According to John Walters, the Supreme Court got it right on
medical marijuana. His argument comes down, essentially, to saying
that medical marijuana doesn't work, and should be illegal, even if
it does make some people "feel better," a phrase which Mr. Walter
puts, condescendingly, inside quotes. As though feeling better when
one is sick is somehow no big deal and a vaguely tawdry
aspiration.
Mr. Walters is the nation's "Drug Czar," a hideously ugly title
that any American should be ashamed to hold. In this role, Mr.
Walters co-ordinates -- or something -- the government's $35
billion anti-drug effort. Plainly, this crusade is not working and,
so, according to Mr. Walters's own logic ought to be put out of its
misery.
This, of course, will not happen. Mr. Walters will continue to
spend lavishly to make citizens behave the way he -- and a few
thousand agents and bureaucrats -- believe they ought to. This is
not surprising. It is what people who nurse governmental
aspirations do ... they rule. And they believe that because they
rule, they know best. "We have a responsibility as a civilized
society to ensure that the medicine Americans receive from their
doctors is effective, safe, and free from the pro-drug politics
that are being promoted in American under the guise of
medicine."
No room for individual choice, here. Mr. Walters and the
government -- this is the "we" he is talking about -- have the
responsibility. You? Well, you have the duty to do as they say. And
if you don't, they will put you in jail.
No acknowledgement from Mr. Walters that the government ("we")
might just have it wrong. Even though these are the same guys who
subsidized tobacco and came up with the preposterous "food pyramid"
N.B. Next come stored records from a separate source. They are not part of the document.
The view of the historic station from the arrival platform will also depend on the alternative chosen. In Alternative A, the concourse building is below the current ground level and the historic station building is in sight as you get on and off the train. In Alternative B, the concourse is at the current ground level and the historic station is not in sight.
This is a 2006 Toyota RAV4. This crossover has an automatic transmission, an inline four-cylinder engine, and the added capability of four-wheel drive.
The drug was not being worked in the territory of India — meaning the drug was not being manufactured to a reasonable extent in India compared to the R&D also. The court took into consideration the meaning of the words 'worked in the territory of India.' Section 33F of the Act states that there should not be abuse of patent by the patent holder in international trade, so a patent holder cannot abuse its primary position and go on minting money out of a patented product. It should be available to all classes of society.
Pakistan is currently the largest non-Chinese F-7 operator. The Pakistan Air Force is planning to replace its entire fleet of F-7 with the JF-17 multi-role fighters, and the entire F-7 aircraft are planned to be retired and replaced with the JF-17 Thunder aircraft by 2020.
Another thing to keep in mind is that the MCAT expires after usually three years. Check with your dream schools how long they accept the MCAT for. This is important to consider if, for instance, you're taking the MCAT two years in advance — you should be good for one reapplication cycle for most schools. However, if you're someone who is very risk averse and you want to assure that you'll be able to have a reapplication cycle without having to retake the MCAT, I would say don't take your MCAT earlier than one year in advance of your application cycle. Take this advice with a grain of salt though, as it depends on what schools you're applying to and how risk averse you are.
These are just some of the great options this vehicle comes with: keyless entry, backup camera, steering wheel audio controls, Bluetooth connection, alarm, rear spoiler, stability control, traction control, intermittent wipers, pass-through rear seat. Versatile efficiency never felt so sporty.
that contributed to the nation's obesity problem. But these are
trivial errors when compared to the monstrous, grievous, criminal
blunder that Mr. Walter oversees -- namely the federal government's
drug policy.
You would think a man with $35 billion to spend would have more
important things on his agenda than doing an end-zone dance over
the bodies of a few cancer patients looking for a little relief
from the side-effects of chemo. What did Mark Tucci, who lives down
the road from me, ever do to Mr. Walters to make him gleeful that
Tucci now cannot legally use a drug that makes him "feel better."
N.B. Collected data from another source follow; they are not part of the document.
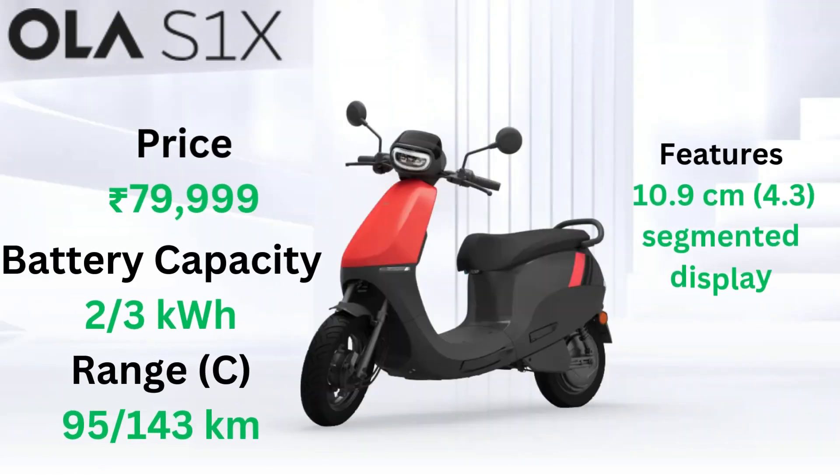Last but not least, we have the Ola S1X available in both 2kWh and 3kWh variants, with ranges of 95 and 143km respectively. It's perfect for zipping around the city.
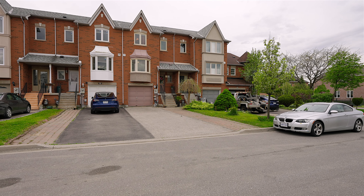Welcome to 88 Michelle Drive. This is a charming three-bedroom, three-bathroom freehold townhome on a rarely offered street in the east of Woodbridge.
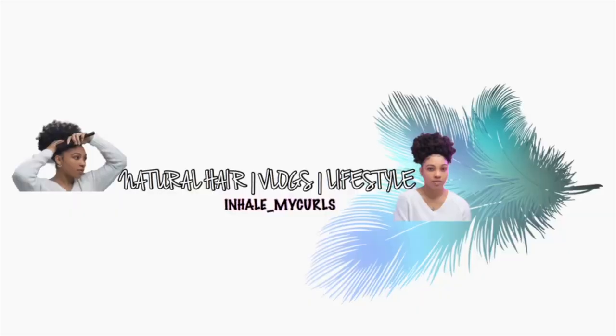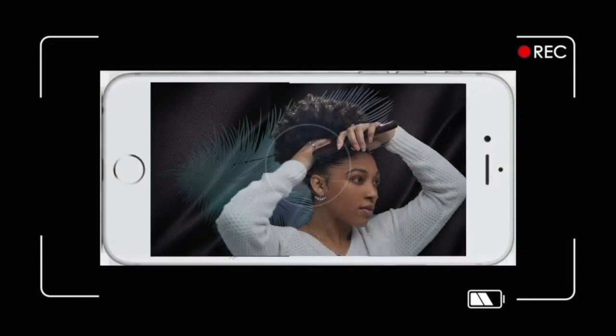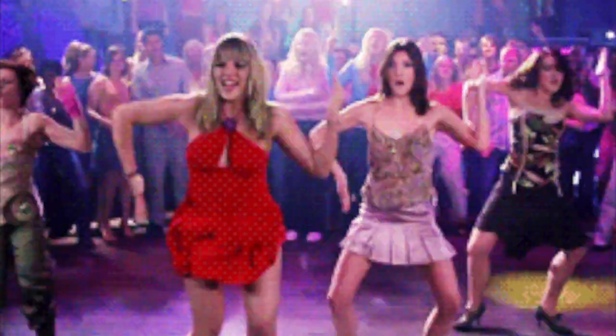Hey guys, welcome back to my channel. As you can tell by the title, I am doing an unboxing with Casetify. If you guys have not seen my recent video before this one, I got my hair re-dyed — it is ruby red. I got straight hair, red hair, and I'm a redbone. If y'all haven't checked that video out, I will link it down below. Now let's go ahead and jump straight into this.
Tucci has MS and says of medial marijuana, "It is by far the most
benign thing I've pumped into my body. It just gets rid of a lot of
pain. It makes my life bearable."
Not so fast there, Tucci. Your government has a better idea and
if you know what's good for you...
IT COMES AS NO BIG SHOCK that the Feds are busy beating up on
little guys. It is what they do and -- increasingly and sadly --
what we let them do. Nor, one must ruefully conclude, is the
decision of the Supreme Court that much of a surprise. The Court
(note the caps; capitalization reveals a lot) approached the case
not on the issue of whether individuals ought to be free to
medicate themselves. Instead, the case came down to a question of
interstate commerce. Preposterous, maybe, but the Supremes took it
seriously and ruled, 6-3, that states could not allow the
cultivation and consumption, strictly inside state borders, of
marijuana, even when its use had been prescribed by a doctor.
Somehow, in the view of two-thirds of the Court, the weed would be
involved in "interstate commerce," and so, constitutionally,
Federal authority trumps the will of the state voters.
As usual. Back in the '30s the Court ruled that farmers who grew
wheat on their own property and ate it at their own dinner table
were not exempt from federal regulation under the interstate
commerce clause. Which just about sewed it up for the Feds.
But if this week's ruling was no surprise, there was some
bracing language in the dissent of every civil libertarian's least
favorite justice -- Clarence Thomas. "If Congress can regulate this
under the Commerce Clause, then it can regulate virtually
anything," Thomas wrote. "...the Federal Government is no longer
one of limited and enumerated powers and may now regulate quilting
bees, clothes drives, and potluck suppers throughout the 50
states."
Six other justices -- including those notable defenders of
individual rights, Stephen Bryer and Ruth Bader Ginsburg -- were
okay with that. So, for opaquely legalistic reasons, was Antonin
Scalia. Justice John Paul Stevens held out the feeble hope that
the whole thing "may one day be heard in the halls of
Congress."
But, Mr. Justice, why does the state of California need the
permission of the U.S. Congress to allow its citizens to do what
they have said at the ballot box they want to be allowed to do
inside their own borders? Why do the John Walters of the world
always get to push the rest of us around?